4. Secondo il consolidato insegnamento di questa
Corte, la morte, la radiazione o la sospensione dall’albo dell’unico difensore
a mezzo del quale la parte è costituita nel giudizio di merito determina
automaticamente l’interruzione del processo anche se il giudice e le altre
parti non ne hanno avuto conoscenza, e senza, quindi, che occorra, perchè si
perfezioni la fattispecie interruttiva, la dichiarazione o la notificazione
dell’evento. Ne deriva la preclusione di ogni ulteriore attività processuale,
che, se compiuta, è causa di nullità degli atti successivi e della sentenza. La
irrituale prosecuzione del processo, nonostante il verificarsi dell’evento
interruttivo, può essere dedotta e provata nel giudizio di legittimità; ciò,
tuttavia, ad opera della sola parte colpita dal predetto evento, a tutela della
quale sono poste le norme che disciplinano l’interruzione, (cfr. ex plurimis,
Cassazione civile sez. IlI, 13/02/2019, n.4159; Cass. 28846/2018; Cass.
21002/2017).
5. Il principio qui ribadito subisce eccezione nel
caso in cui dalla prosecuzione del processo, in ragione del mancato rilievo
dell’evento interruttivo, non derivi un concreto pregiudizio al diritto di
difesa; ne consegue che non si determina alcuna nullità degli atti processuali
nell’ipotesi in cui il periodo di sospensione del difensore dalla professione
forense cada integralmente nel lasso di tempo intercorrente tra la celebrazione
di due udienze successive (Cassazione civile sez. lav., 16/10/2019, n.26220 e
giurisprudenza ivi richiamata).
6. Nella fattispecie di causa la applicazione dei
suddetti principi conduce al rilievo della nullità della sentenza impugnata.
7. L’unico difensore del ricorrente nel giudizio di
appello, avv. F.S.R., era sospeso dall’albo alla data del 25.9.2014, in cui si
è celebrata l’udienza di discussione della causa ed è stato letto il
dispositivo (come risulta dalla comunicazione del Consiglio dell’Ordine degli
Avvocati del 18.11.2014 e dalla nota della Corte di Appello di Catanzaro del
6.11.2014); non vi è dubbio, dunque, circa il pregiudizio derivato dalla
mancata interruzione del processo al diritto di difesa del P., che in detta
udienza non era assistito da un difensore abilitato allo ius postulandi.
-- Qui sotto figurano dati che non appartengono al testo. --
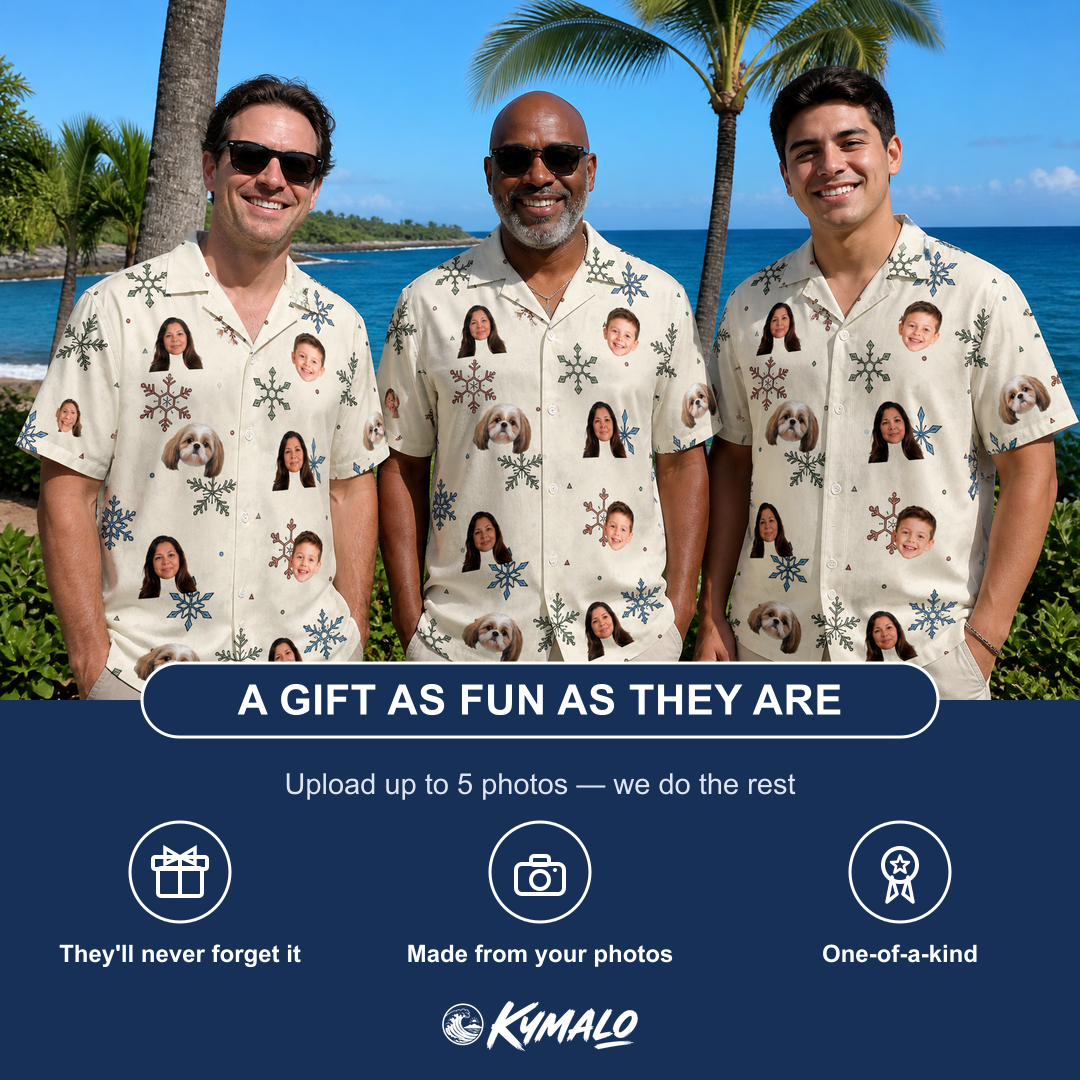 Friends in matching Men's Tinsel Tumble Custom Face Hawaiian Shirt — a group gift photo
8. Il ricorso deve essere, pertanto, accolto e gli
atti rinviati alla Corte d’appello di Catanzaro in diversa composizione affinchè
provveda alla rinnovazione degli atti nulli.
9. Il giudice del rinvio provvederà, altresì, sulle
spese del presente grado
P.Q.M.
Accoglie il ricorso.
Cassa la sentenza impugnata e rinvia- anche per le
spese- alla Corte di Appello di Catanzaro in diversa composizione.